Chapter 189 Pertussis (Bordetella pertussis and Bordetella parapertussis)
Treatment
Goals of therapy are to limit the number of paroxysms, to observe the severity of the cough, to provide assistance when necessary, and to maximize nutrition, rest, and recovery without sequelae (Table 189-1). Infants <3 mo of age with suspected pertussis are always admitted to hospital, as are those between 3 and 6 mo of age unless witnessed paroxysms are not severe, and patients of any age if significant complications occur. Prematurely born young infants and children with underlying cardiac, pulmonary, muscular, or neurologic disorders have a high risk for severe, potentially fatal disease.
Table 189-1 CAVEATS IN ASSESSMENT AND CARE OF INFANTS WITH PERTUSSIS
Antibiotics
An antimicrobial agent is always given when pertussis is suspected or confirmed, primarily to limit the spread of infection and secondarily for possible clinical benefit. Macrolides are preferred agents and are similar to one another in terms of in vitro activity (Table 189-2).

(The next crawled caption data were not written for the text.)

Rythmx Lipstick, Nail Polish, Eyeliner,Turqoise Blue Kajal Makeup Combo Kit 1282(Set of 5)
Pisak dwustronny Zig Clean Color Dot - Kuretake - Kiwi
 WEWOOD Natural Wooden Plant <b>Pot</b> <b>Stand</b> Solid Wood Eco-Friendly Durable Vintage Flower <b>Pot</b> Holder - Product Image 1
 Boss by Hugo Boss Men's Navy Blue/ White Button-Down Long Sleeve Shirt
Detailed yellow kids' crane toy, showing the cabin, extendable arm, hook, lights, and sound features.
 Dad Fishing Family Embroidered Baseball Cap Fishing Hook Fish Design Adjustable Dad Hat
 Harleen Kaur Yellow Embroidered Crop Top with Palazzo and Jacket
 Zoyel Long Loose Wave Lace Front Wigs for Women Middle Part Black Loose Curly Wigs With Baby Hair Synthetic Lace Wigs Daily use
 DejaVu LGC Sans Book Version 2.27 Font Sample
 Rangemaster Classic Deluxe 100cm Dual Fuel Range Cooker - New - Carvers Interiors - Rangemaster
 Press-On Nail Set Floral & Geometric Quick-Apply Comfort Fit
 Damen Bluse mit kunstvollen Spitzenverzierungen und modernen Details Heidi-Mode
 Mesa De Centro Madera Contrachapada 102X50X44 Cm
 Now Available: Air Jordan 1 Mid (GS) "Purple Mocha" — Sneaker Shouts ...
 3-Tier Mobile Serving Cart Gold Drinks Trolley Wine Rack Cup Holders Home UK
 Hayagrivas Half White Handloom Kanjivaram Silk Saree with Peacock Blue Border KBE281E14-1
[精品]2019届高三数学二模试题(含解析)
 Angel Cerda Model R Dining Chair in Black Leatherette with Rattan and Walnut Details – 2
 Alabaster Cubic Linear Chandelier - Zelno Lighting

Resistance has been reported rarely. A 7- to 10-fold relative risk for infantile hypertrophic pyloric stenosis (IHPS) has been reported in neonates treated with orally administered erythromycin. Azithromycin is the preferred agent for most patients and particularly in neonates, although cases of IHPS have followed its use. All infants <1 mo of age treated with any macrolide should be monitored for symptoms of pyloric stenosis. Benefits of post-exposure prophylaxis for infants far outweigh risk of IHPS.
Care of Household and Other Close Contacts
A macrolide agent should be given promptly to all household contacts and other close contacts, such as those in daycare, regardless of age, history of immunization, and symptoms (see Table 189-2). The same age-related drugs and doses used for prophylaxis are used for treatment. Visitation and movement of coughing family members in the hospital must be assiduously controlled until erythromycin has been taken for 5 days. In close contacts <7 yr of age who have received fewer than 4 doses of pertussis-containing vaccines, vaccination should be initiated or continued to complete the recommended series. Children <7 yr of age who received a 3rd dose >6 mo before exposure or a 4th dose ≥3 yr before exposure should receive a booster dose. Individuals ≥9 yr of age should be given a Tdap (adolescent/adult formulation of tetanus and diphtheria toxoids and acellular pertussis) booster if they have not previously received Tdap. Unmasked health care personnel (HCP) exposed to untreated cases should be evaluated for post-exposure prophylaxis and follow-up. Coughing HCP with or without known exposure to pertussis should be promptly evaluated for pertussis.
Prevention
Universal immunization of children with pertussis vaccine, beginning in infancy with periodic reinforcing doses through adolescence and adulthood, is central to the control of pertussis (Chapter 165). There is no serologic correlate of protection from B. pertussis.